## Collection entries
━━━━━━━━━━━━━━━━━━━━━━━━━━━━━━
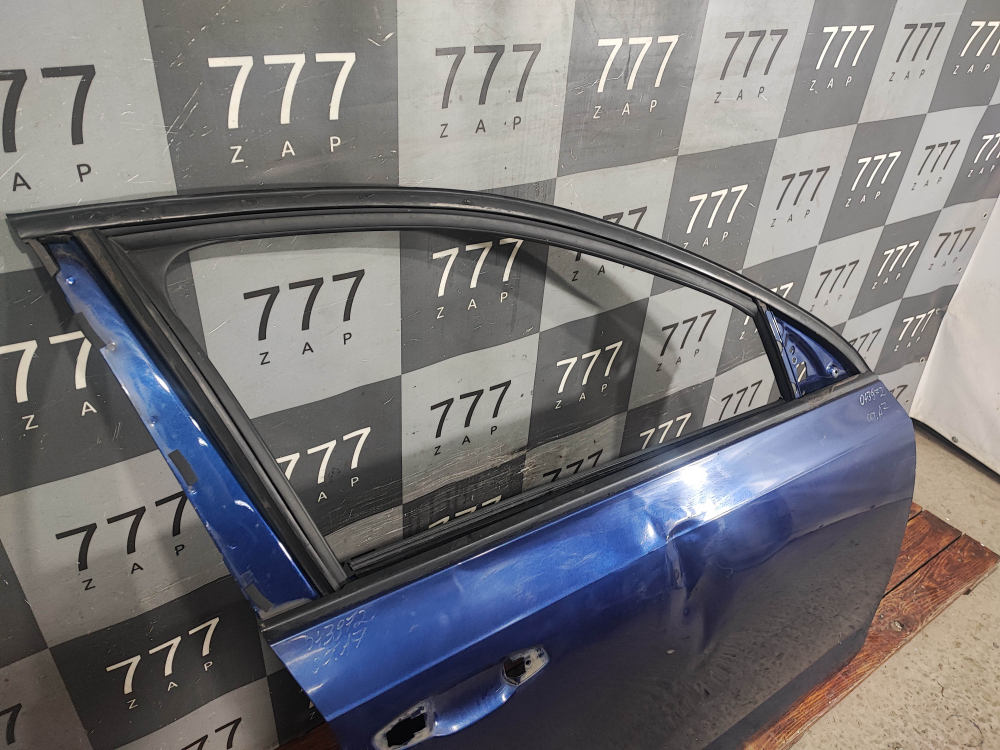 Дверь передняя правая Skoda Octavia 3 (A7) 13-20 Б/У Оригинал 5E0831052B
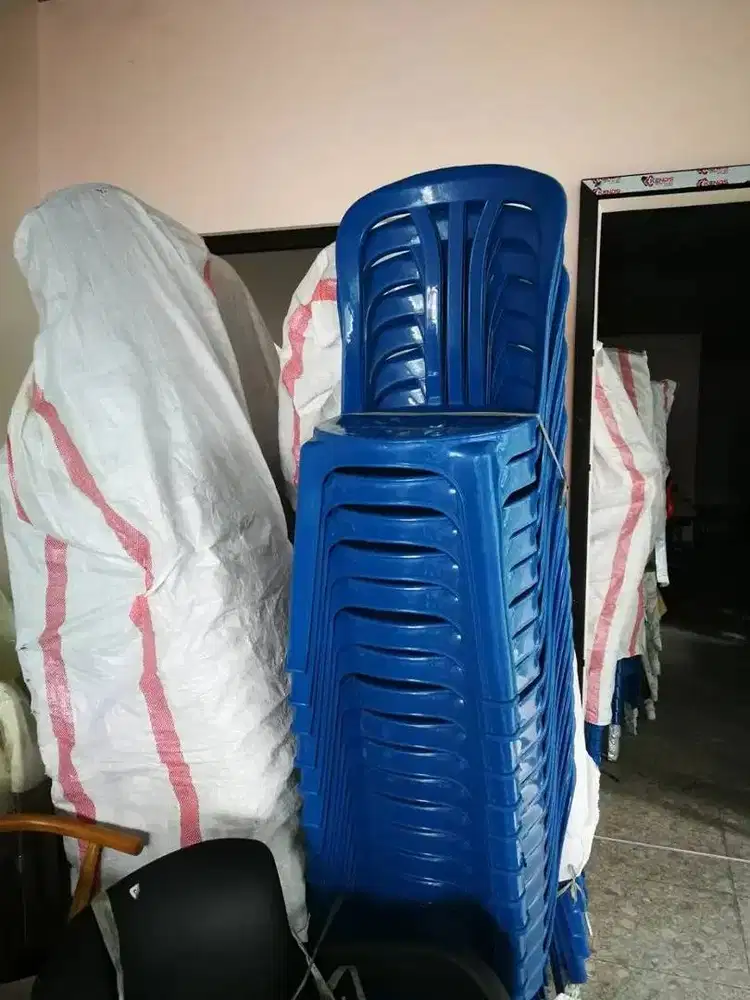 Jual Kursi Plastik untuk persewaan / teropan / Kursi Plastik Juventus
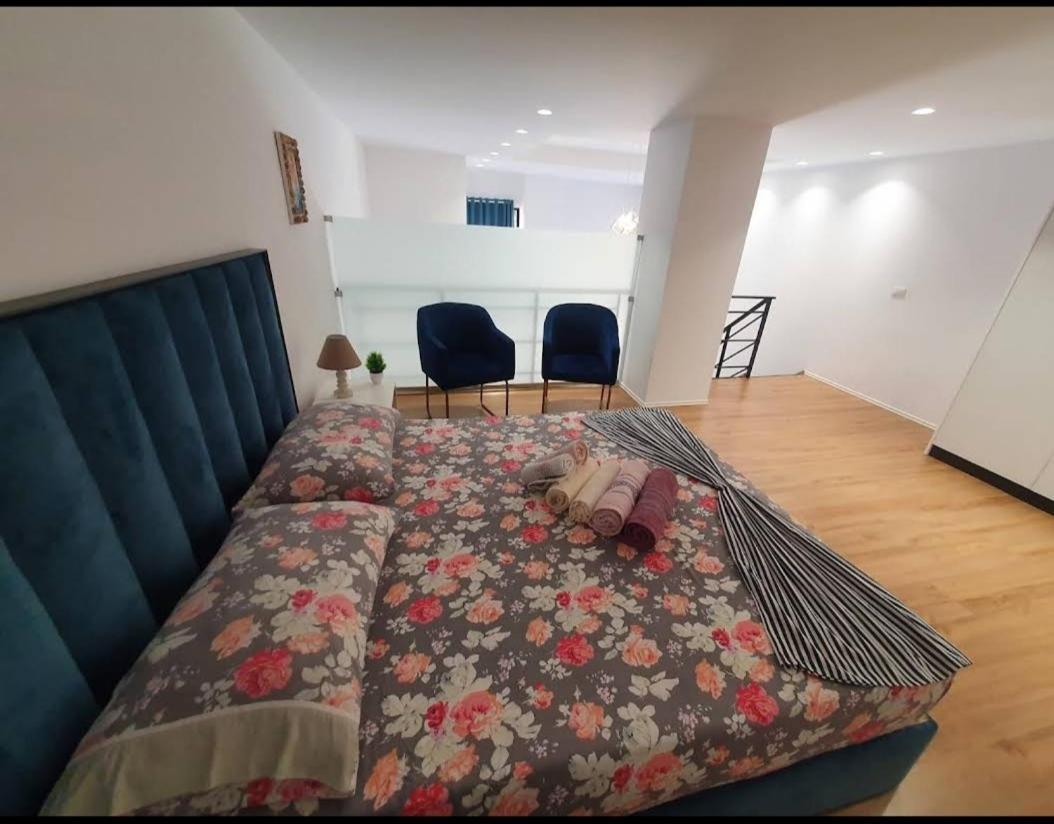 Apartament Me Qera Dublex Lungomare Vlorë 外观 照片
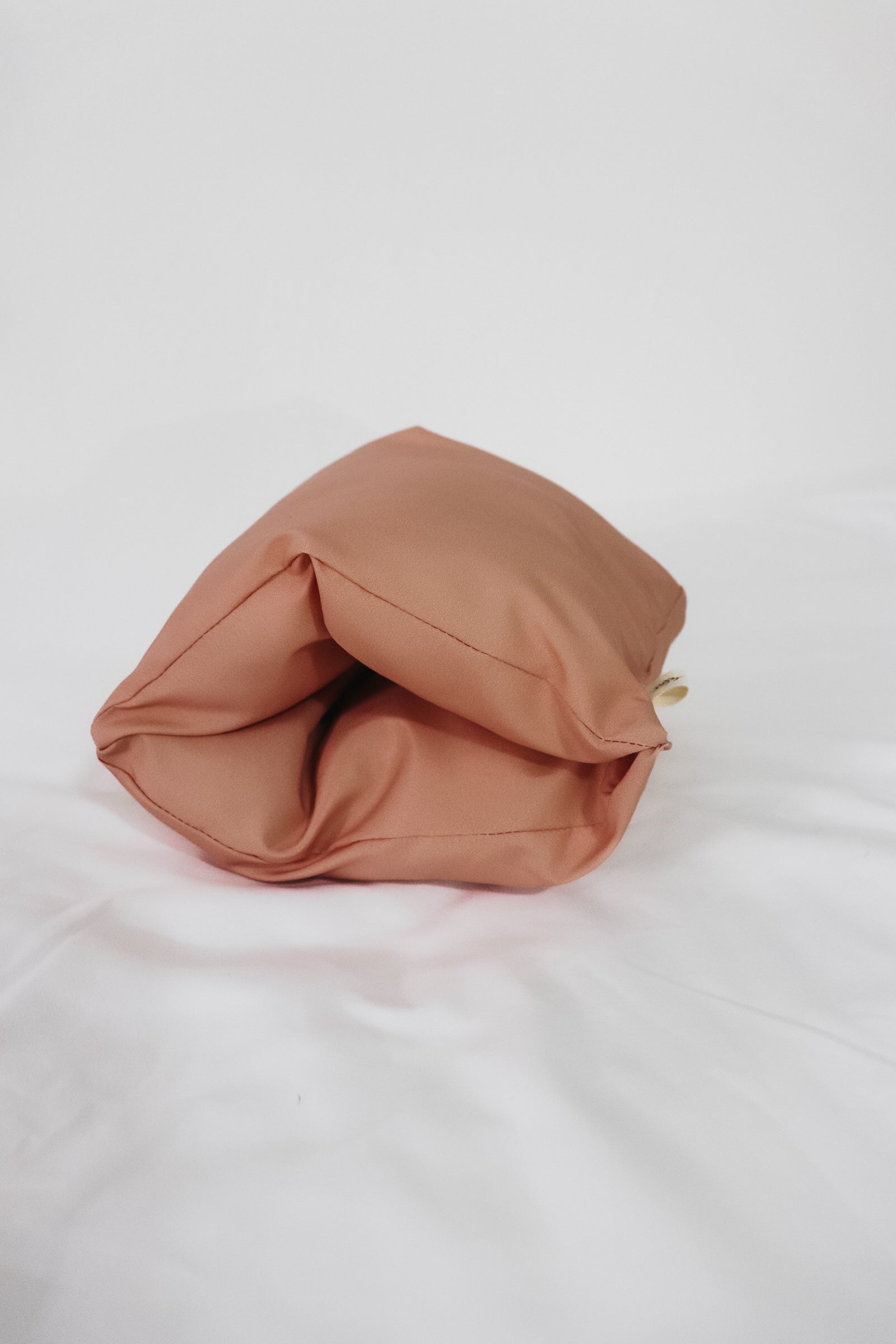 Ribbon Wipeable Cradle Arm Pillow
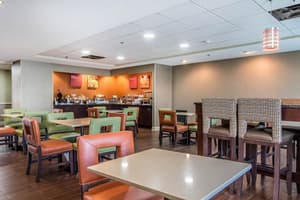 thumbnail: Breakfast area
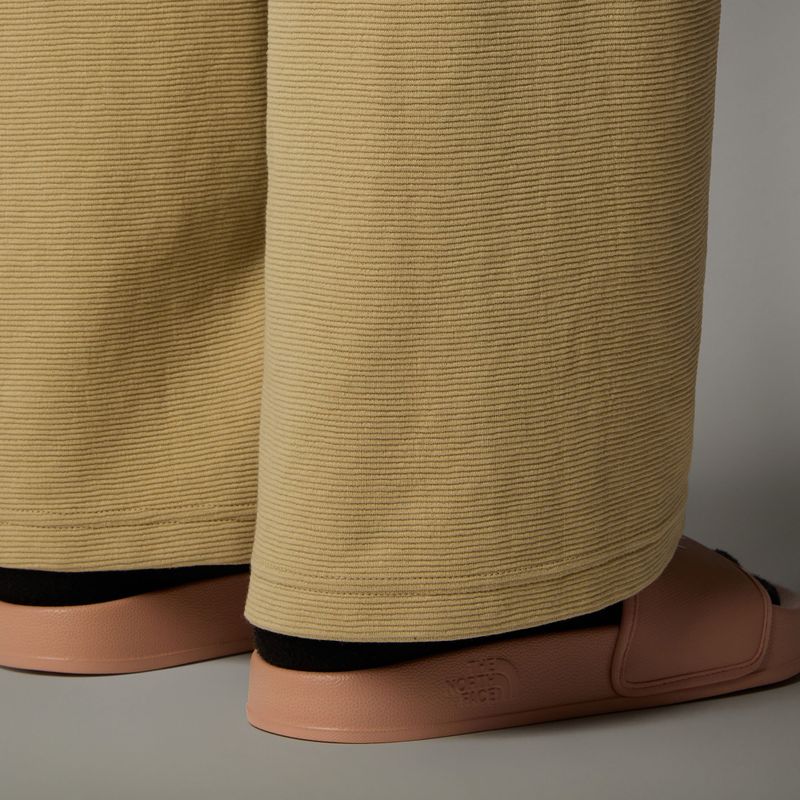 Klapki damskie The North Face Base Camp Slide III cafecreme/evening sandpink 8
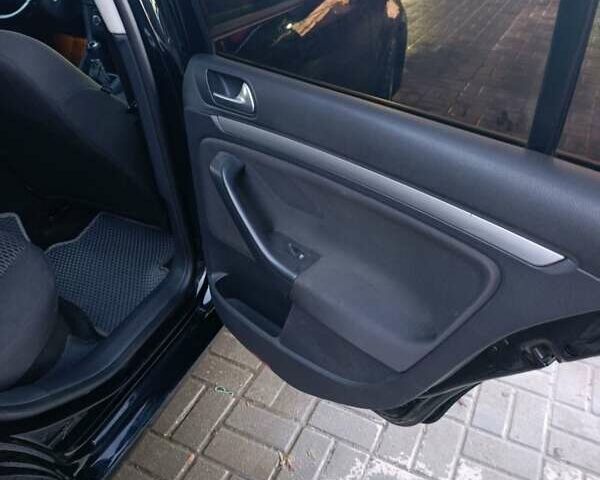 Черный Фольксваген Гольф, объемом двигателя 1.6 л и пробегом 230 тыс. км за 8500 $, фото 12 на Automoto.ua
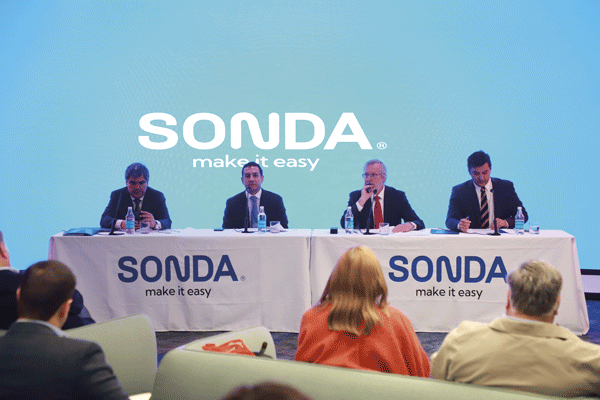 <p>De izq. a der.: Gonzalo Soto, Marcelo Castiglione, José Orlandini y Alejandro Celedón. Foto: Julio Castro</p>
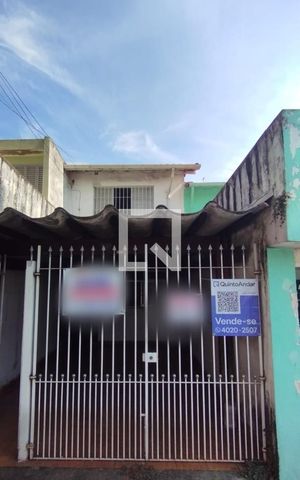 Casa à venda com 80m², 2 quartos e 1 vagaFachada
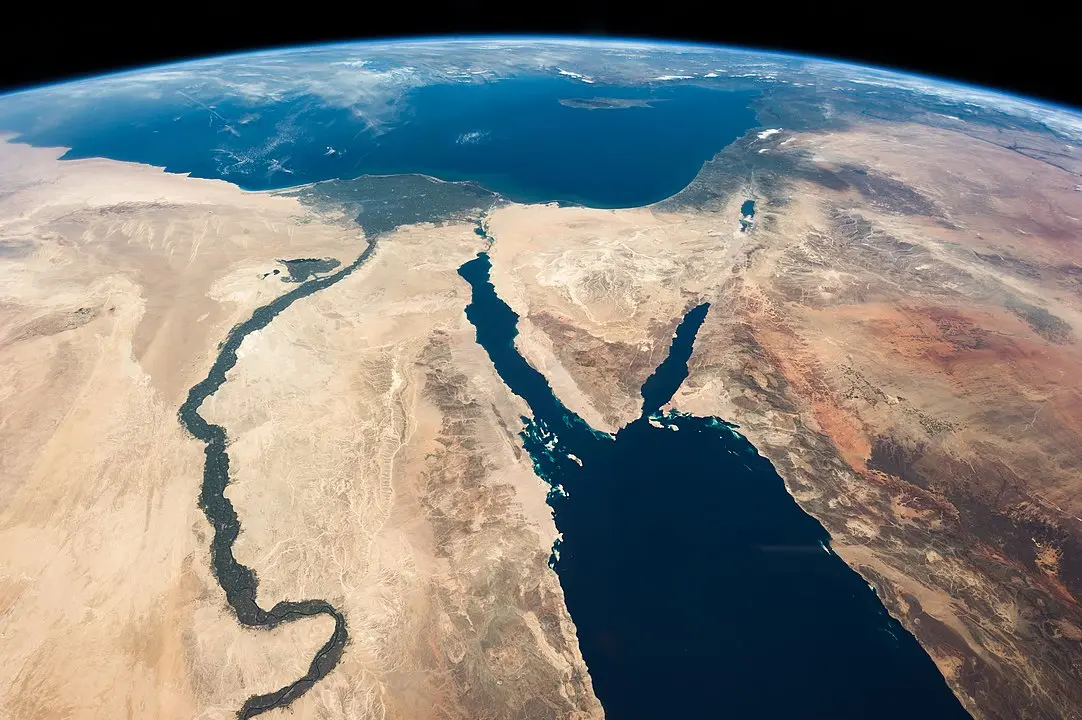 从太空俯瞰亚非两洲分界线:苏伊士运河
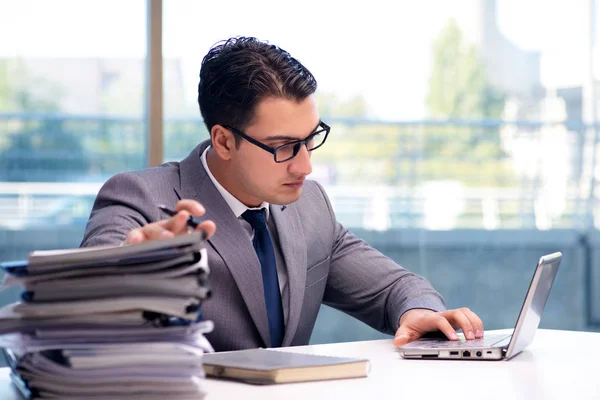 Uomo d'affari che lavora in ufficio — Foto Stock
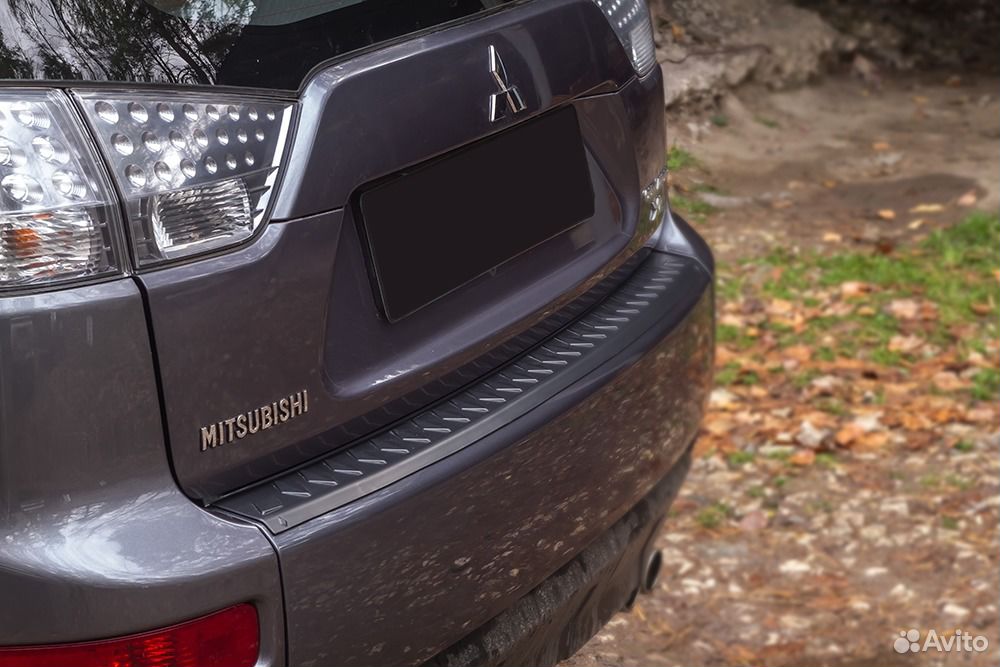 Пластиковая накладка на бампер Mitsubishi Outlande
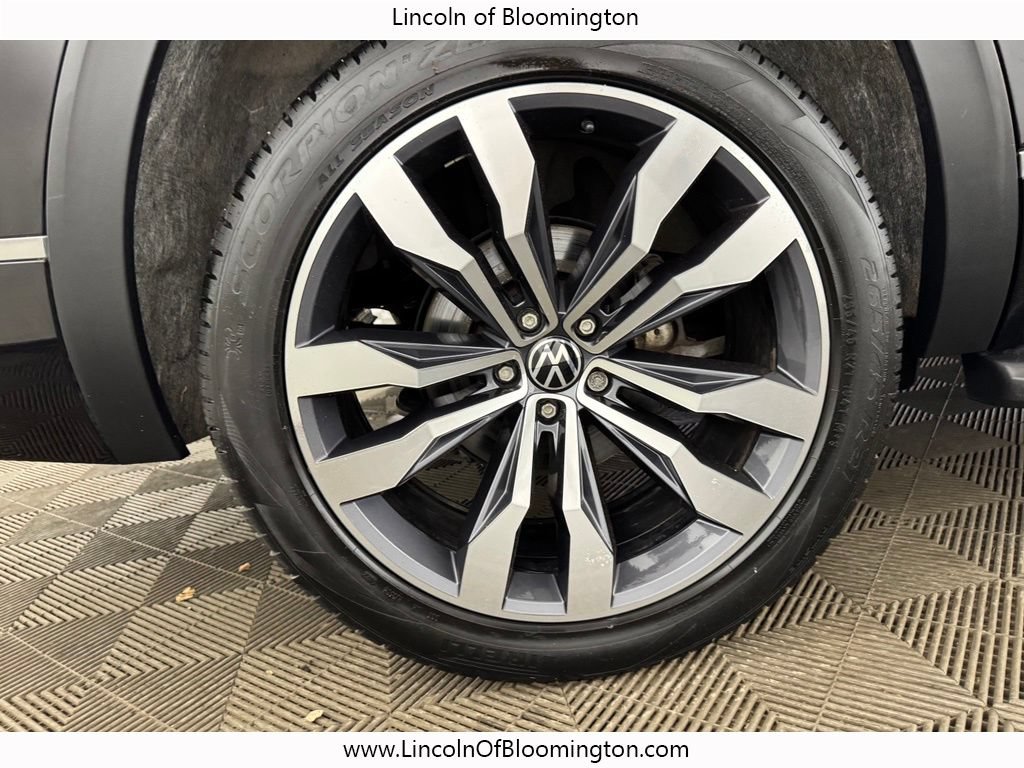 Used 2023 Volkswagen Atlas SEL Premium AWD/4WD image 24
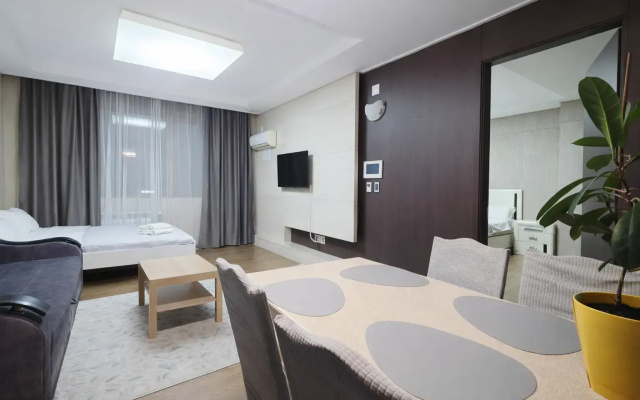Apartamenty 19et. 2h komn.kv s sikarnym vidom na Mecet' Hazret Sultan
━━━━━━━━━━━━━━━━━━━━━━━━━━━━━━
## WHAT YOU WILL DO
The data above must be reproduced exactly, without any of its pictures.

## ANSWER
 Дверь передняя правая Skoda Octavia 3 (A7) 13-20 Б/У Оригинал 5E0831052B
 Jual Kursi Plastik untuk persewaan / teropan / Kursi Plastik Juventus
 Apartament Me Qera Dublex Lungomare Vlorë 外观 照片
 Ribbon Wipeable Cradle Arm Pillow
 thumbnail: Breakfast area
 Klapki damskie The North Face Base Camp Slide III cafecreme/evening sandpink 8
 Черный Фольксваген Гольф, объемом двигателя 1.6 л и пробегом 230 тыс. км за 8500 $, фото 12 на Automoto.ua
 <p>De izq. a der.: Gonzalo Soto, Marcelo Castiglione, José Orlandini y Alejandro Celedón. Foto: Julio Castro</p>
 Casa à venda com 80m², 2 quartos e 1 vagaFachada
 从太空俯瞰亚非两洲分界线:苏伊士运河
 Uomo d'affari che lavora in ufficio — Foto Stock
 Пластиковая накладка на бампер Mitsubishi Outlande
 Used 2023 Volkswagen Atlas SEL Premium AWD/4WD image 24
Apartamenty 19et. 2h komn.kv s sikarnym vidom na Mecet' Hazret Sultan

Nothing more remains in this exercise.